The Directors have pleasure in presenting the 46th Annual Report of the Company together with the Audited
Accounts for the year ended 31st March 2025.

FINANCIAL RESULTS

Particulars

Year ended
31.03.2025

Year ended
31.03.2024

Income from operations

26712.03

22079.10

Other Income

207.16

172.60

Total Expenditure

25742.13

21416.20

Interest & Bank Charges

247.88

171.31

Depreciation & Amortization of Exp.

121.24

134.72

Provision for Tax

142.08

130.73

Net Profit

665.86

398.74

THE COMPANY’S PRODUCTS / SERVICES

CUBEX is manufacturer of seamless solid drawn Tubes, Rods, Bus bars and Wires of copper and copper based
alloys such as Cupronickel, admiralty Brass, Aluminum Brass etc. Copper because of its high electrical
conductivity and heat transfer characteristics finds wide application in the form of Tubes, Rods, Strips and
Wires.
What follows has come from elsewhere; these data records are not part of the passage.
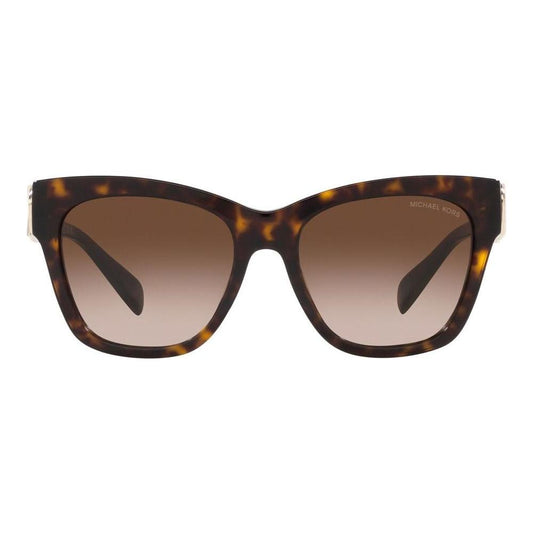 MICHAEL KORS MOD. EMPIRE SQUARE MK 2182U SUNGLASSES & EYEWEAR MICHAEL KORS SUNGLASSES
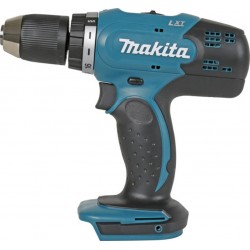 Makita perceuse sans fil 18 V DDF453Z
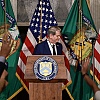 Amerikanci prijete zemljama koje sarađuju s Iranom izbacivanjem iz dolarskog sistema: Uslijedio odgovor iz Teherana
The user industries are Power plants, Power plants manufacturers, Switchgears, Refineries, Furnace
manufacturers, Sugar plants, Automobile, Electrical Equipment industries and Ship building Company.

OPERATIONS

Your company has registered a total income of Rs.26919.19 Lakhs for 2024-25 as compared to Rs. 22251.70
Lakhs for 2023-24 and the company posted a net profit of Rs. 665.86 lakhs for 2024-25 as compared to Rs.
398.74 Lakhs for 2023-2024.

DIVIDEND

The Directors regret their inability to recommend the dividend for the year. The Funds will be deployed for
buying new equipment.

BUSINESS RISK MANAGEMENT

The Company, like any other enterprise, is exposed to business risk which can be internal risks as well as
external risks. The threats to the segments in which the company operates are volatility in Exchange rate &
Metal Prices. The company is concerned about the vide Fluctuations in Copper prices globally and locally and
increase in foreign exchange value.

DEPOSITS

The Company has not accepted deposits covered under Chapter V of the Companies Act, 2013 and
accordingly, the disclosure requirements stipulated under the said Chapter are not applicable.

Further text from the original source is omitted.